The seductive glances and gazes of Arabo-Perso literary imagery — some miscrossed, misinterpreted, some dead on target — is taken to the limits of its possibilities by Oum Kalthoum in her famous 1968 Rabat concert of “Howwa Sahih.”  She was at her vocal pinnacle at this concert and repeated one phrase of the poem over and over in practically every makam or mode of Arab classical music.

The lyrics of the concert footage below:

A look that I thought was (just) a salute and (that it) would pass quickly Turns out it carries promises and covenants and rejections and pains Promises that aren’t true and aren’t kept Covenants with who can’t be trusted And endurance of humiliation and denial But instead of saying enough of that I find myself saying oh God please more!
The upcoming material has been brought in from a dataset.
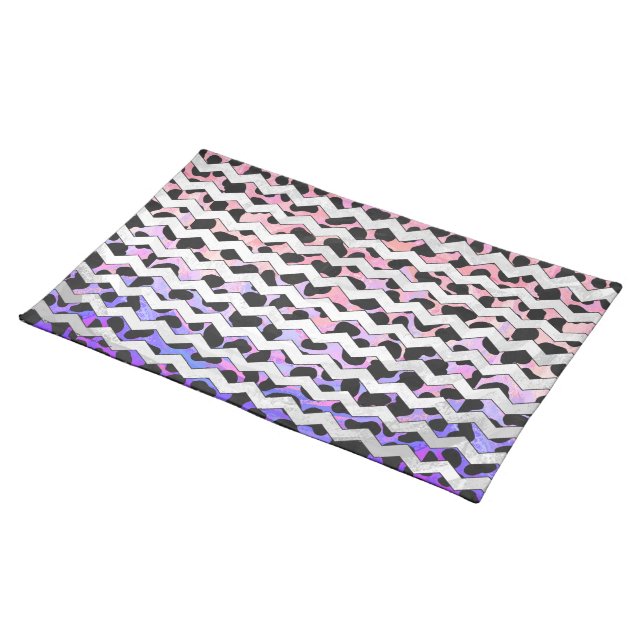 Chevron Pink and Black Dalmation Placemat (On Table)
How I wonder Well that’s what happened That’s what happened and I just don’t understand.

I’ve pushed the video to 1:50 where she really starts to work the crowd, but at 3:16, she runs with that one word — “nazra” — in a show of breath control and vocal dynamics that makes the crowd so nuts that she can’t continue.  Her natural limits are, or course, amazing, but during this concert you get the sense that she pushes them to the extreme, sacrificing a little bit of musical perfection for the sake of conveying raw emotion — something Callas used to do as well.